EXERCISE BRIEF —
From the line containing "die Delphine von" to the last line of the data below, copy everything exactly and nothing else; pictures stay out.

THE DATA —
# # # # # # #

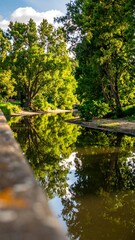 A serene summer scene sunlit trees frame a calm waterway reflecting the foliage. The foreground shows a blurred ledge
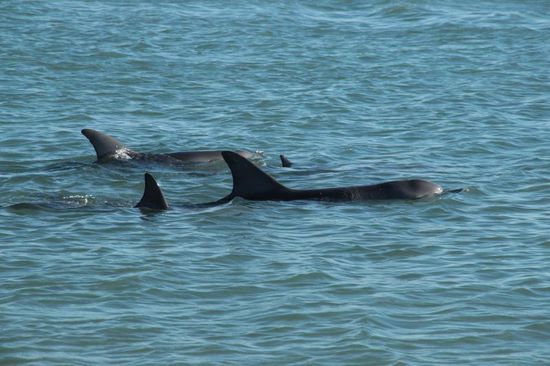 die Delphine von "Monkey Mia"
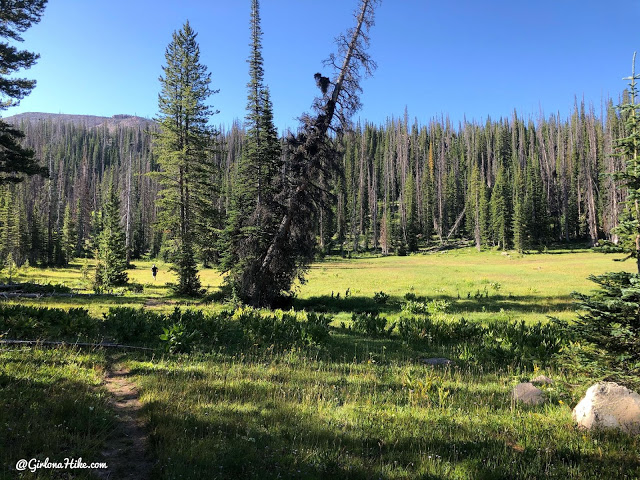 Hiking the Smith & Moorehouse Trail to South Erickson Lake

# # # # # # #

WRITTEN RESPONSE —
 die Delphine von "Monkey Mia"
 Hiking the Smith & Moorehouse Trail to South Erickson Lake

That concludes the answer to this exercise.